Réforme bancaire : la leçon britannique

par Henry Moreigne
mercredi 6 février 2013

La France en a rêvé. La Grande-Bretagne est en passe de la réaliser. La mise au pas du secteur financier est en discussion outre-Manche sous la pression d'une population excédée par les fraudes, manipulations et rémunérations indécentes.

La multiplication des scandales bancaires, tout comme les révélations sur le niveau des bonus dans la City, ont contraint les libéraux britanniques au pouvoir à s'attaquer à la régulation d'un secteur clé de leur économie : la finance.

Non content d'être à l'origine de la crise de 2008-2009, le secteur financier après avoir été sauvé par les pouvoirs publics avec l'argent du contribuable a renoué ces dernières années avec ses vieux démons. Les derniers scandales du Libor (taux interbancaire) et de l'Eurolibor ont définitivement convaincu les Britanniques que la pierre angulaire du système à savoir la confiance et les gentlemen's agreement relèvent d'une éthique qui appartient désormais au passé.

La classe politique du Royaume-Uni a compris qu'elle était assise sur un baril de poudre et qu'elle avait intérêt à prendre des mesures adaptées pour éviter que les erreurs des banquiers ne conduisent à l'avenir, en cas de faillite, à faire payer le contribuable.

D'où l'idée de séparer les activités de crédit, de dépôt de celles dites de spéculation afin d'éviter que les banques mal en point sur les marchés financiers ne répercutent leurs problèmes à leurs clients particuliers.

Le concept n'est pas nouveau. Cette séparation a existé dans plusieurs pays, et notamment aux Etats-Unis, avec le fameux "Glass-Steagall Act" à la suite du krach boursier de 1929 avant de s'effacer progressivement à partir des années 1970 et d'être abrogé en 1999.

En 2010, le rapport Vickers avait préconisé le recours à cette séparation en Grande-Bretagne sans toutefois offrir des moyens coercitifs pour forcer les réticents à appliquer pleinement ses recommandations.

Coup de tonnerre lundi 4 février. George Osborne, ministre britannique des finances a menacé d'imposer une séparation totale entre banque de détail et d'investissement si aucun cloisonnement n'est mis en œuvre. Le ministre de David Cameron veut que les activités de dépôt, garanties par l'Etat, soient "sanctuarisées" pour assurer qu'en cas de faillite, le Trésor ne soit pas amené à sauver la banque commerciale.

Dans le même temps, le gouvernement de sa gracieuse Majesté a annoncé courant 2013 une réforme qui revisitera la régulation bancaire. La Financial Services Authority (FSA), tutelle actuelle de la City, devrait disparaître au profit de deux nouveaux organismes de régulation.

La fermeté britannique contraste avec le modeste projet de réforme français. "Mosco le tiède contre Osborne le dur ?" s'interroge ainsi le site Arrêt sur Images.

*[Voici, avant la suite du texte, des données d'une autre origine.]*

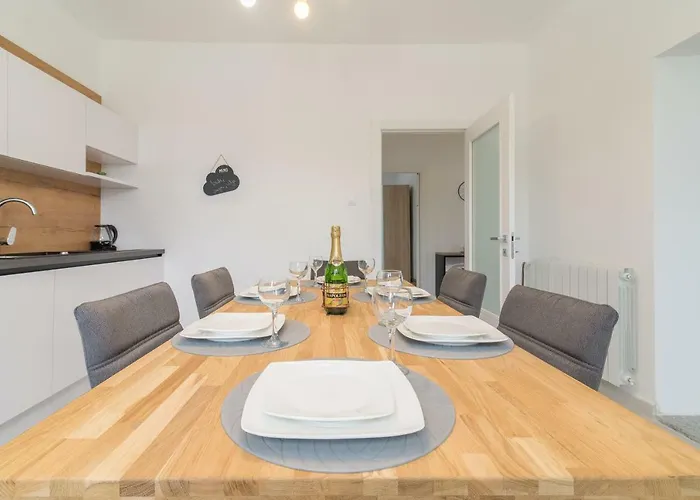 Дом отдыха S&i Peaceful With Pool & Jacuzzi *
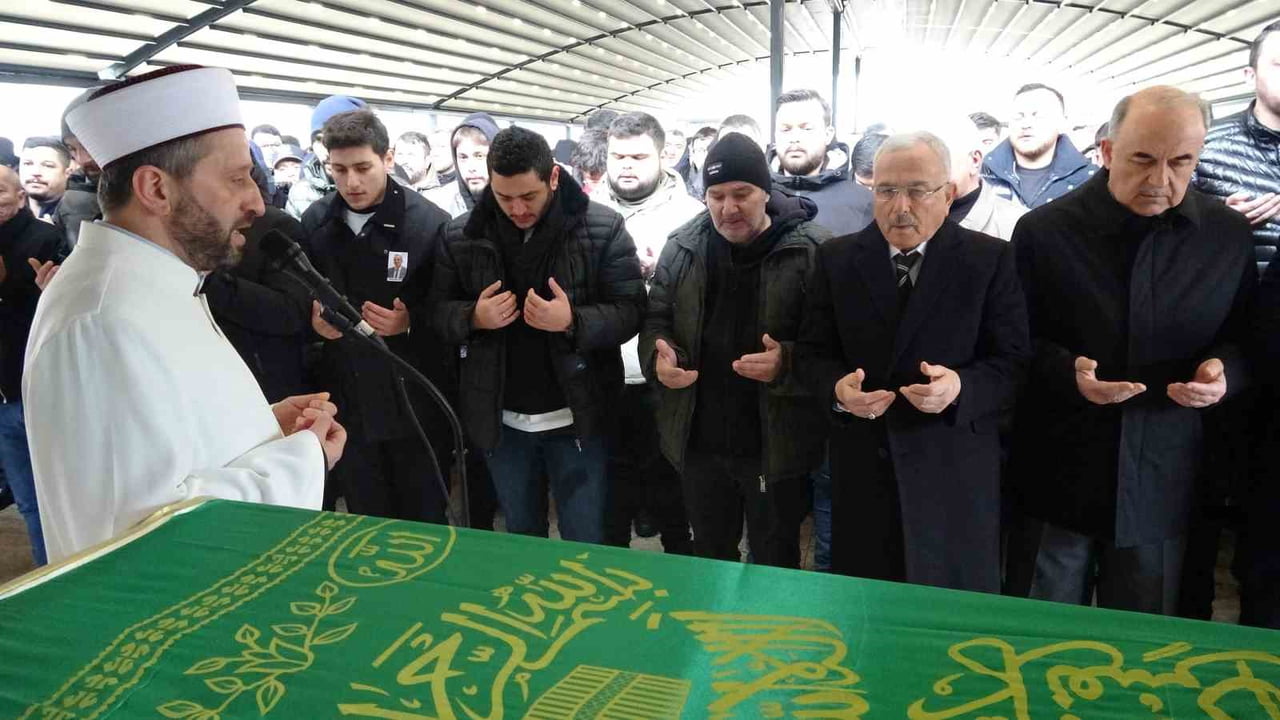 ORDU’DA VEFAT EDEN TÜRK KIZILAY ORDU ŞUBE BAŞKANI MENDERES TÜRKELİ SON YOLCULUĞUNA...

Il est vrai que le projet du ministre de l'Economie et des Finances est très éloigné des déclarations de campagne de François Hollande.

En France, seules les activités spéculatives réalisées par les banques pour elles-mêmes, en leur nom propre, devraient ainsi être isolées de leurs activités de dépôt. Soit à peine 2 ou 3% du chiffre d’affaires de banques françaises comme BNP Paribas ou la Société générale. Cet abandon en rase campagne d'une scission parfaite entre les deux types d'activité s'explique en partie par le lobbying du secteur bancaire français qui au titre de la défense de son modèle de banque universelle a procédé à un véritable chantage à l'emploi sur ses 400 000 salariés.

Et pourtant, le sujet n'est pas exclusivement économique. La réforme de la structure des banques constitue un enjeu démocratique majeur selon un rapport de l'universitaire Laurence Scialom pour la fondation Terra Nova.

Le volontarisme du Royaume-Uni sur le sujet devrait renforcer le désir de députés français socialistes, communistes et mêmes centristes (UDI) de "muscler" le texte par le dépôt de nombreux amendements. Seule l'UMP s'est inquiétée d'un durcissement possible. De son côté, Pierre Moscovici défend la décision du gouvernement de ne pas scinder en deux les banques françaises en faisant valoir que leur modèle de banque universelle, alliant activités de détail et de marchés destinées au financement des grandes entreprises, était utile à l'économie nationale.